--- START ---

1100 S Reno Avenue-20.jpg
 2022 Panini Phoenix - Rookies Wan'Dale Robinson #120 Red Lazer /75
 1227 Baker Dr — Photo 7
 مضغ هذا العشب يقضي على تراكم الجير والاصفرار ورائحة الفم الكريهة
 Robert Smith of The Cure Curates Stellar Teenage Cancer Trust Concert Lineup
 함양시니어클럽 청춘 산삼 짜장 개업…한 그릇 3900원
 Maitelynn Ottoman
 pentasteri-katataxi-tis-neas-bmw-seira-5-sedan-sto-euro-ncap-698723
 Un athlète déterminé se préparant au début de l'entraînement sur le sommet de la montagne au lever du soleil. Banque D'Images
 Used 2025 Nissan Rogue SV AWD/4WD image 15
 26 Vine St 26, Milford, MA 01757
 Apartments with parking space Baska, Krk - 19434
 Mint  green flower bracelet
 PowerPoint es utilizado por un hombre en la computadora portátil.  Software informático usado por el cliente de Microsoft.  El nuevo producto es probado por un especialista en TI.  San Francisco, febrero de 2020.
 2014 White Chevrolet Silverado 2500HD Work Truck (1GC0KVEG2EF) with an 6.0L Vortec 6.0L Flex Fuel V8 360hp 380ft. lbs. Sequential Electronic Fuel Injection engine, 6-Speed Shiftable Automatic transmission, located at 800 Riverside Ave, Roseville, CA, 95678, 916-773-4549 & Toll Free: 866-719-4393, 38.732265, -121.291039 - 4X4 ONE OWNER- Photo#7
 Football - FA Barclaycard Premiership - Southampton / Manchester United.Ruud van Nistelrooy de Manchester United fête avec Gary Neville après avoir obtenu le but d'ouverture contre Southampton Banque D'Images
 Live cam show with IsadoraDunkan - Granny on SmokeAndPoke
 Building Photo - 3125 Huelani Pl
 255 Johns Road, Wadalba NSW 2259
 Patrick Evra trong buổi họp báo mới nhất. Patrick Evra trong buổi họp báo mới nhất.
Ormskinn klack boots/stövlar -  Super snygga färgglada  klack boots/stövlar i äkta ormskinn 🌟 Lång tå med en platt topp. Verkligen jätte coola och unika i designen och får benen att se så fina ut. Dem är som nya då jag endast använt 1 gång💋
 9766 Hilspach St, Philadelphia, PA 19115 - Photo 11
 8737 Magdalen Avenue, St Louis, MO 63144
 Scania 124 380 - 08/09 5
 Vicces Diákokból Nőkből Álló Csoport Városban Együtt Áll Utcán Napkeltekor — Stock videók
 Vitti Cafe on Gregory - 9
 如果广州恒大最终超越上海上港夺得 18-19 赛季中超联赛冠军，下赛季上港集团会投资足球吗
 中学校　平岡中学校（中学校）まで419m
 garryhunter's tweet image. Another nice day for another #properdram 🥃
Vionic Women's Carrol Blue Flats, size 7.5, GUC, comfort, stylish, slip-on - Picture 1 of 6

--- END ---

Work item
Note how many lines in the data above contain "Images", then state that number alone.

Solution
2